Ni me acuerdo cuando me hice de la U. Yo creo que desde que nací. Es que siempre fui de la U. Recuerdo que cuando niño me preguntaron un día en el colegio de qué equipo era hincha, dije que de ninguno, yo soy de la U, no soy hincha, soy de la U. Ni sabía mucho que estaba contestando, pero me salió del alma responder de esa manera. Hasta el día de hoy sigo respondiendo igual: no soy hincha, soy de la U.
El gusto me lo pegó mi Viejo, por supuesto. Desde que tenía tres años me llevaba al estadio todas las semanas o, al menos, eso dice él. En ese tiempo no había barras, nos sentábamos todos juntos, pero en mi familia eran todos de la U, mis tíos, mis primos, todos. Dicen que lloraba cuando la U perdía, pero no perdía tan seguido como muchos creen.
Los más viejos se habían hecho fanáticos un poco antes del Ballet, cuando ya presentían que la gloria estaba cerca. Gozaron con Leonel, Campos y Rubén. Contaban sus proezas con lujo de detalles, claro que muchos de esos detalles eran exagerados, bah, qué digo exagerados, inventados habría que decir. Sin proponérselo, con aquellos cuentos fueron forjando el gusto por el equipo. Escuchar a mi Viejo y mis tíos hablar de la U era como escuchar a un cura hablar de religión. De niño yo escuchaba atento y terminé creyendo que también había visto a Ernesto Álvarez y Pedro Araya.
Recuerdo una noche en que fuimos todos al estadio, era la final de la Copa Polla Gol de 1979. La U no ganaba un título hacía varios años, porque todos se habían empeñado en convertirla en algo que no era, como hoy. Había que perder también, porque para ganar hay que aprender a perder. Pero aquella noche, la U se acordó de lo que era y le ganó al Colo Colo de Mané Ponce y Carlos Caszely.
La U no tenía mucho, tenía a Quintano, al Lulo y no mucho más. Pero hacía rato que era así. Tenía poco que perder. La dictadura retrucaba contra la casa de estudios y el equipo recibía las esquirlas que saltaban.
Empezamos perdiendo temprano, pero lo empatamos rápido. Un gol de la Fiera Ramos nos puso de nuevo en carrera. Jugábamos mejor, así que no extrañó que derribaran al Chico Hoffens en el área rival y el árbitro cobrara penal, pero Juan Soto falló y, otra vez, tuvimos que partir de cero.

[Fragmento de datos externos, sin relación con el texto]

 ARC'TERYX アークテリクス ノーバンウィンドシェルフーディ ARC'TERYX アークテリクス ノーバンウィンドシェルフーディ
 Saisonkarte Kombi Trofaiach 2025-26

El segundo tiempo se aventuraba complicado, porque yo sentía que no habíamos aprovechado nuestro momento, pero a poco andar Hoffens nos puso en ventaja. A mi el Chico nunca me gustó, encontraba que era el fiel reflejo de nuestra mediocridad de aquellos años; pero ese día, como otros tantos más, se vistió de héroe el Chico y convirtió el gol que a la postre sería del triunfo.
De ahí en más el partido fue un suplicio. El equipo blanco se fue con todo, pero la U resistió, de la mano de Hugo Carballo.
Fue el único título que celebré en mi infancia, el resto sólo fueron deseos frustrados. Recuerdo el penal de Quintano en Lota, el gol de Salah en la liguilla, algún gol de Sandrino que grité con el alma, pero aquella fue la única noche plena.
Yo no entendía mucho, era un niño, tenía seis años y capaz que mis recuerdos, como los de mi Viejo del Ballet, estén agrandados, bah, inventados.
Terminó el partido. Mi viejo sonrió y lanzó un suspiro, hizo un rollito con un papel que encontró en el suelo, sacó su encendedor de plata y lo prendió. Lo alzó al cielo en su mano izquierda y con la otra me levantó en brazos. Miró a la cancha y esperó un segundo. Yo lo mire atento, le di un beso y miré a la cancha como él, junté fuerzas y juntos cantamos: ser… un romántico viajero.